Milam, director of undergraduate studies in the Department of Theatre, Drama and Contemporary Dance and head of the MFA Costume Technology program, had a hand in making some of the costumes when she was working at famed Broadway costume shop Barbara Matera Ltd. in the 1990s. Milam landed her dream internship there when she was a 21-year-old Ithaca College student, leading to a job after graduation.
Milam was early in her career when Matera’s was tasked with making the iconic Cruella De Vil costumes Close wore in “101 Dalmatians.” She was involved in a variety of projects, lending a hand to whoever needed the most help putting on sequins or feathers.
“Those are phenomenal costumes,” Milam said. “The costume designer, Anthony Powell, is brilliant. It was an honor to be involved in what was a classic Disney villain construction.”
She was involved more intimately when the shop later made costumes for “102 Dalmatians.” Working as a first hand, Milam got her hands on the fabric, corrected patterns and helped lead a team of cutters and stitchers working on the pieces. While she remembers the intricate designs and unique fabrics, it’s Close’s appreciation for costume making that left the biggest impression on Milam. During one final fitting, Close paraded through the shop in costume.

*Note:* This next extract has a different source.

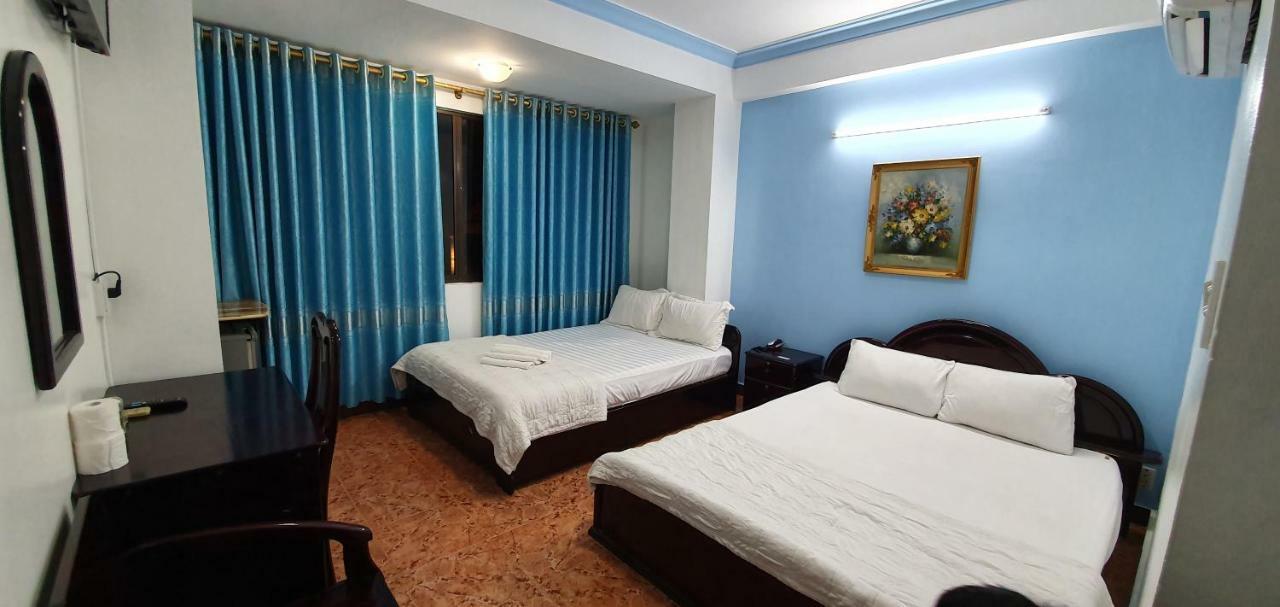 Thanh Lan Hotel Hô Chi Minh-Ville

“She walked through in her wig, with her long cigarette holder and the high boots, and went and thanked every single person throughout the shop,” Milam said. “Being a mid-20s young person, it was inspiring to know that people cared, that famous people cared about what I did.”
Milam’s experience is now coming full circle, as she and some of her students help prepare several of Close’s costumes for the upcoming “The Art of the Character” exhibition at the Eskenazi Museum. Milam has worked with the curator of the Eskenazi School of Art, Architecture + Design’s Sage Collection to make understructures for some of the costumes that will be displayed. She replicated 18th-century panniers, or side hoops, to go under the dresses Close wore in “Dangerous Liaisons.”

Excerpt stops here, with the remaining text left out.